Graph Neural Network and Knowledge Graph have been my research interest. During Literature Review, there were some noteable papers that opened up new directions or enabled new techniques. Among those is the paper “Spatial Temporal Graph Convolutional Networks for Skeleton-Based Action Recognition” [1]. Its source code is also publicly available [2], which is beneficial as reproducibility is highly appreciated. I have spent some time on this paper, and hope that my short article can get like-minded people to comprehend the paper quicker. Time is our precious asset. 😀

Paper Summary

Inspiration

The paper itself is an extension of another paper: “Semi-Supervised Classification with Graph Convolutional Networks” [3], which defined the formula for convolving nodes within a graph to create Node Embeddings:

It looks scary at first, but thanks to [4], interpreting this formula can be untangled step-by-step. Its main idea is, given a specific node, to aggregate features from its neighbor nodes with its own’s, then embed the aggregated features into another latent space. The new features becomes that node’s features. Due to matrix multiplication, all the nodes’ features get updated at once . This is one way how convolution is carried out in graph. Notice that the above neighbors are direct ones; what if we are also interested in convolving neighbors at a further distance? In this case, the same process is repeated. Every repetition allows to convolve the neighbor nodes at an one-step further distance. The deeper representation a node ends up with through the convolution, the more representative it can be: it is not only aware of itself, but also the surrounding nodes near it. Typical tasks can be: 1). Node classfication, 2). Graph classfication. For 1), the node features are put through a Fully Connected layer with appropriate outputs, e.g. Softmax for multiclass classification. For 2), all the nodes’ features can be concatenated into one Tensor, and we apply the same processing.

ST-GCN

The above described convolution is spatial. When adding another dimension to the nodes, such as time, it is motivating to convolve in both spatial and temporal dimensions. That is the idea behind the paper ST-GCN [1]. The task to be solved is Human Action Recognition, using skeleton sequence, denoted with body joints, each of which is a triplet of (Coordinate-X/Coordinate-Y/Confidence-Level):

Figure 2: Skeleton sequence in space and time (source: [1])

ST-GCN’s archiecture:

Figure 3: Architecture (image by me, made with GraphViz). Left: the Forward function. Right: ST-GCN Block.

N: batch size.
C: original node features, i.e. triplet of (Coordinate-X/Coordinate-Y/Confidence-Level).
T: time steps.
V: number of nodes in Graph.
M: number of skeletons in a data record.

Code Explanation

First and foremost, where is the formula in Figure 1 applied? Here is it:

Figure 4: This is where GCN Formula is applied (file: st_gcn.py [7])
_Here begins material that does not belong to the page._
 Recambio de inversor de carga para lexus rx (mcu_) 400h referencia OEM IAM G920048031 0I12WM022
Matrices multiplication is not commutative, but surely associative. Originally, it was thought that one would first aggregate the features between the current nodes and its neighbors, then proceed to embedding the result to another latent space. But the code was implemented in a way that the embedding takes place first, then the aggregation.
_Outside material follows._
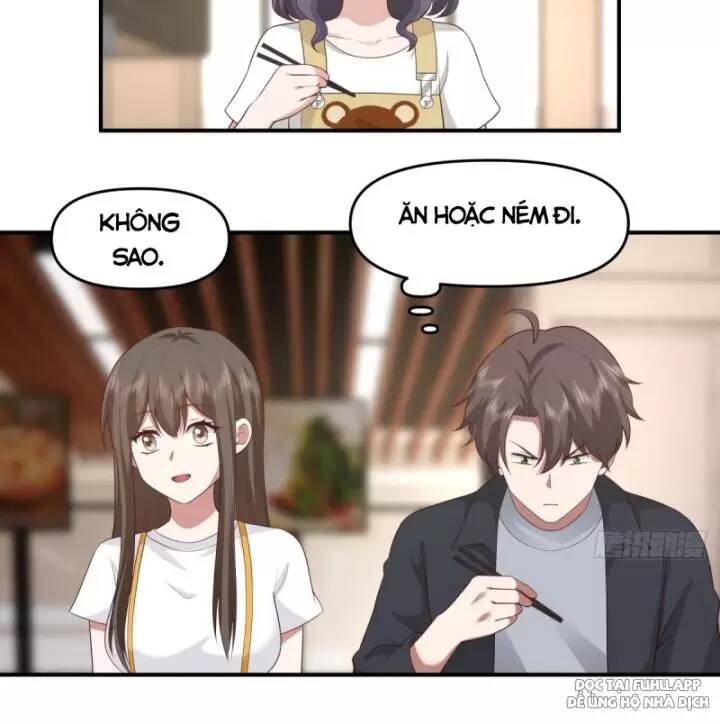 Ta Không Muốn Trùng Sinh Đâu Chapter 318 - Trang 2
After convolving Node spatially, it moved to convolving temporally for each node separately. We notice here the tuple kernel=(temporal_ker, 1), where temporal_ker was hardcoded with 9 (9 time steps).
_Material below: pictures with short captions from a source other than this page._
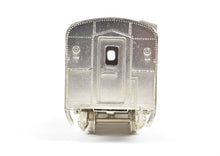 Load image into Gallery viewer, HO Brass Great Brass Fleet NYC - New York Central Commuter-Bar-Club 1597-1598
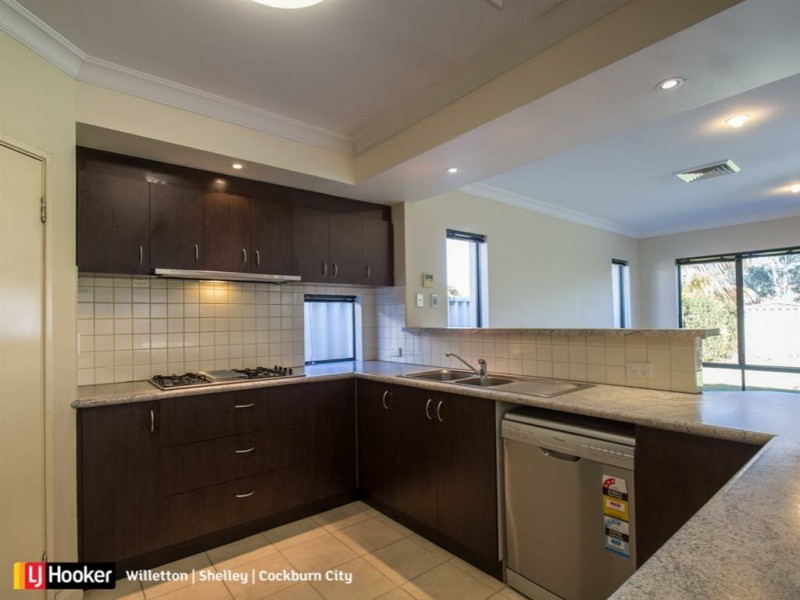 37 Modillion Avenue, Shelley WA 6148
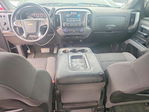 Chevrolet Silverado 2014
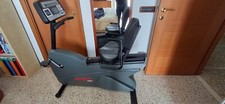 Cyclette life cycle usato  Roma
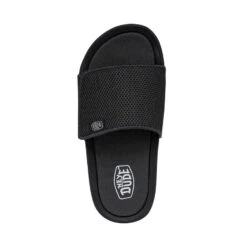 Phoenix Youth Basic Knit - Grey -Heydude Store 40134 030 PHOENIXYOUTHBASICKNIT GREY LEFTTOP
Figure 5: Temporal Convolution for each node (file: st_gcn.py [7])

The main training loop is defined in file “recognition.py” [5], the content of which is typical. Although not discussed in the paper, the implementation made use of Residual Connection (aka. Skip Connection) in each ST-GCN Block to deal with Gradient Degradation. Because of different input-output channels, the Connection is indeed a mini-Neural Network (instead of Identity connection):

Within ST-GCN block, to prevent Gradient explosion and achieve a more stable convergence, BatchNorm is used before and after non-linear layers, as often advised [6]. The DropOut layer also helps in reducing overfitting [8]. But the code uses default setting for Dropout (meaning: probability of 0.5) while recommended value for Convolution layer is 0.1 or 0.2 [9].

Similarly to Convolution Layers for images, 10 ST-GCN Blocks are chained to hopefully generate high-level feature maps on skeleton sequences.

Another worthy point to mention is the Adjacency Matrix, constructed as a Tuple (spatial_ker, V, V). The neighbors of a specific node can be grouped into subsets. The easiest way is to just treat all of them equally (“Uni-labeling” as per paper), or the node connected to itself has distance 0 while its direct neighbors have distance of 1 (“Distance partitioning”). The number of such subsets is denoted as spatial_ker; each subset has its own Adjacency matrix to describe which nodes are considered neighbor, given a specific node. Each subset also has its own (o_channel, T, V). Thanks to einsum(), those datapoints are afterwards aggregated neatly.

Final Remark

I must admit that when first reading the paper [1], I got a certain perception about its main idea. For example, section “Spatial Temporal Modeling” page 4 [1], the authors extended the spatial modeling in temporal dimension by tweaking the Neighboring Function B(vₜᵢ) to include temporal neighbors (of the same node (joint)). I imagined we would have a dedicated function like this, but through the real implementation, it turned out to be just matrices multiplication. This once again reinforces my preference in focusing on papers that have code available. Otherwise, one would take the paper with a grain of salt. 😕

Hopefully, my effort in summarizing ST-GCN could help other people understand it quicker and more reliably. 💪 The spatial temporal convolution in this paper can be framed as generic multi-dimensional convolution with one dimension denoting nodes within a graph, from where the Graph Convolution formula (Figure 1) is applicable.